▶ Task to complete:
Retype the whole listing exactly. Leave out pictures.

▶ Information shown:
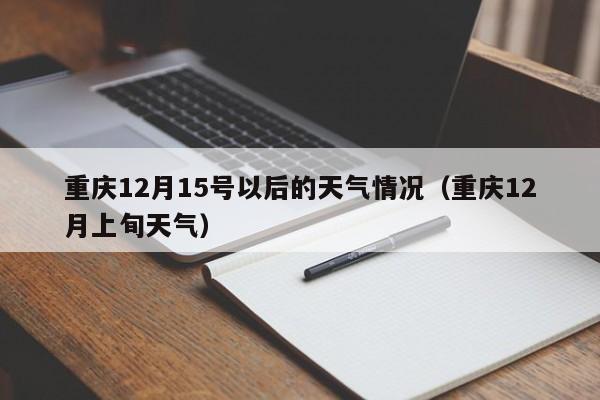 重庆12月15号以后的天气情况(重庆12月上旬天气)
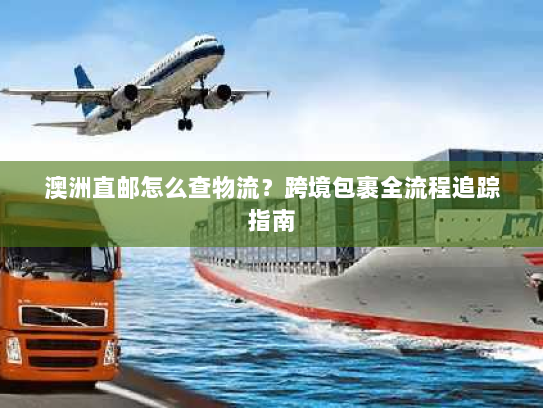 澳洲直邮怎么查物流？跨境包裹全流程追踪指南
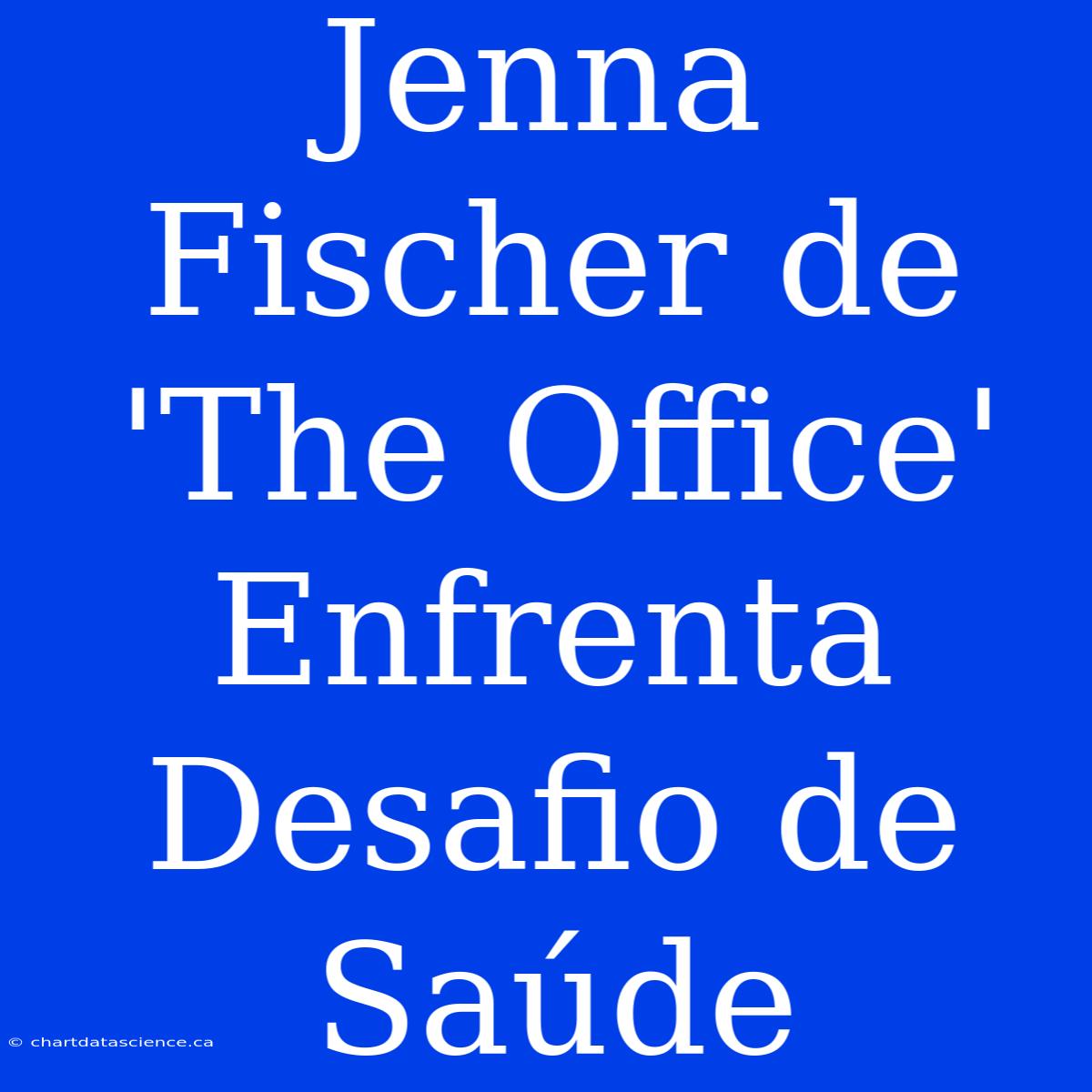 Jenna Fischer De 'The Office' Enfrenta Desafio De Saúde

▶ Solution to this exercise:
 重庆12月15号以后的天气情况(重庆12月上旬天气)
 澳洲直邮怎么查物流？跨境包裹全流程追踪指南
 Jenna Fischer De 'The Office' Enfrenta Desafio De Saúde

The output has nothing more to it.